Voor vernietiging is in aanmerking gekomen:
Ingebonden geaccepteerde overeenkomsten (1954-1960) betreffende uitkering van schadevergoeding door het Waarborgfonds aan vroegere bezitters van effecten (of hun rechtverkrijgenden) die aangifte hebben gedaan ingevolge artikel 45 of 46 van het Besluit Herstel Rechtsverkeer (KB E 100).
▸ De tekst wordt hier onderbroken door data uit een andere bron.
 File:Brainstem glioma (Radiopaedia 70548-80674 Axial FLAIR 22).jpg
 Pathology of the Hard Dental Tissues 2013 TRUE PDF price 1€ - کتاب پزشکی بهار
De vroegere bezitters droegen hierbij aan het Waarborgfonds over alle rechten en aanspraken die zij terzake van de betreffende effecten konden doen gelden tegen de tegenwoordige bezitter van deze effecten.
Op nummervolgorde ingebonden afschriften Eigendomserkenning (1953-1954) die verleend zijn door de Afdeling Effectenregistratie van de Raad voor het Rechtsherstel aan derden voor de door hen bij de Afdeling Effectenregistratie aangemelde effecten.
Op nummervolgorde geordende akten van cessies (1954) inzake de overdracht aan het Waarborgfonds Rechtsherstel van rechten en vorderingen terzake van genoemde effecten door vroegere bezitters van deze effecten die geleverd zijn door Rebholz Bankierskantoor in Amsterdam en tegenwoordige bezitters die niet worden erkend in het eigendom van deze effecten.
Bovendien zijn bescheiden vernietigd aan de hand van de lijst van de te vernietigen archiefbescheiden uit de archieven van het ministerie van Financiën en de daaronder ressorterende colleges, commissies en ambtenaren.
Analytische beschrijving van het archief
Uit de archieven van het Waarborgfonds Rechtsherstel zijn bescheiden geselecteerd die een volledig inzicht geven in het gevoerde beleid en de problematiek. Het archief bevat agenda’s, notulen en vergaderstukken; accountantsrapporten; correspondentie van de directie en de juridische afdeling van het Waarborgfonds. De archieven van het Waarborgfonds bestonden voornamelijk uit dossiers ten name van personen, die in het kader van de regeleling ‘Plan Waarborgfonds 1953’ in aanmerking waren gekomen voor een aanbieding door dit fonds. Ten aanzien van het selectiebeleid is echter gekozen voor de inventarisatie van de correspondentie van de directie en de juridische afdeling aangezien inzicht in de wijze van afdoening van zaken voldoende blijkt uit de vergaderstukken. Registers op ingediende Waarborgclaims en enige dossiers, onder andere betreffende de totstandkoming van het zogenaamde ‘Plan Waarborgfonds 1953’ en de aankoop van de boedels van de LVVS en de VVRA in 1956 zijn wel geselecteerd. Na de boedelovername van de LVVS en de VVRA behoorden de archieven van deze instellingen toe aan het Waarborgfonds, maar er is niet voor gekozen de archieven op te nemen omdat de LVVS en de VVRA een zelfstandig bestaan hebben geleid.
Deelarchieven/ gedeponeerde archieven
Niet bekend
Archiefstukken van organisatie/persoon in andere archieven
Het archief van het Waarborgfonds Rechtsherstel is gedeponeerd in het archief van de Afdeling Effectenregistratie van de Raad voor het Rechtsherstel.
Opmerkingen
Het archief van de Afdeling Effectenregistratie – waar het archief van het Waarborgfonds Rechtsherstel als gedeponeerd archief deel van uit maakt - is in bewerking. Archiefbestanden van de Afdeling Effectenregistratie van de Raad voor het Rechtsherstel afkomstig van het Nationaal Archief, het ministerie van Financiën en het Agentschap van het ministerie van Financiën worden geïntegreerd en van een toegang voorzien.
Bronnen
Bockxmeer, J.M.L. van en P.C.A. Lamboo, H.A.J. van Schie, Onderzoeksgids Archieven Joodse oorlogsgetroffenen. Overzicht van archieven met gegevens over roof, recuperatie, rechtsherstel en schadevergoeding van vermogens van Joden in Nederland in de periode 1940-1987 (Den Haag 1998).
H.A.J. van Schie (Nationaal Archief), Inventaris van de archieven van de Raad voor het Rechtsherstel: Dagelijks Bestuur en Secretariaat, Afdeling Beheer, Voorzieningen voor Afwezigen en Voorzieningen voor Rechtspersonen, Afdeling Onroerende Goederen 1945-1967 (Den Haag 1997).